§ **SOURCE MATERIAL**
Content starts

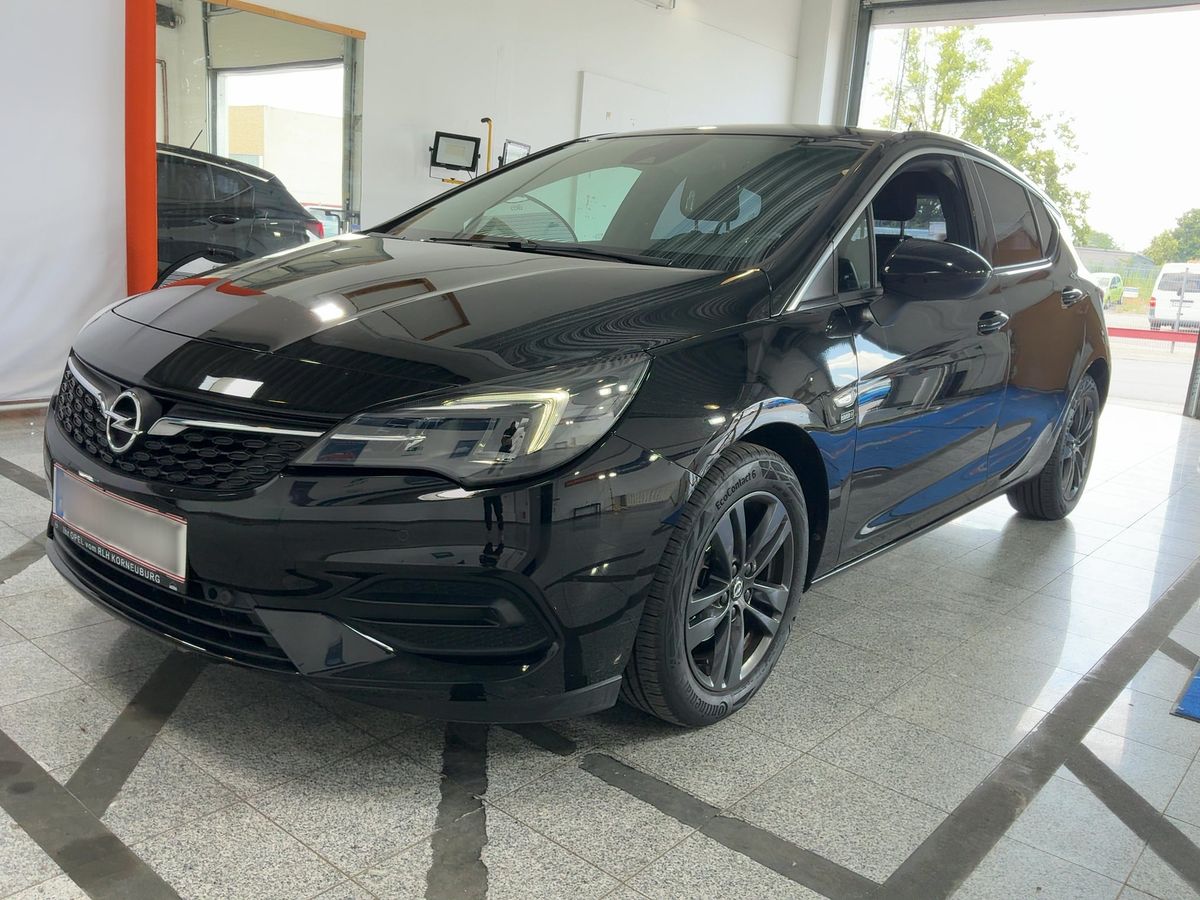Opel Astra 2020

Content ends
Content starts

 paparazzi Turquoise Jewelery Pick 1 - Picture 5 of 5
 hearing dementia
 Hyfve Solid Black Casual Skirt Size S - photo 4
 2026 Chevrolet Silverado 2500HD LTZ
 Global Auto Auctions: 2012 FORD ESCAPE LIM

Content ends

§ **INSTRUCTIONS FOR THE TASK**
Starting with the line above that holds "paparazzi Turquoise Jewelery" and stopping with the line that holds "Global Auto Auctions: 2012 FORD ESCAPE LIM", reproduce each line exactly, omitting all other lines.

§ **PROBLEM SOLUTION**
 paparazzi Turquoise Jewelery Pick 1 - Picture 5 of 5
 hearing dementia
 Hyfve Solid Black Casual Skirt Size S - photo 4
 2026 Chevrolet Silverado 2500HD LTZ
 Global Auto Auctions: 2012 FORD ESCAPE LIM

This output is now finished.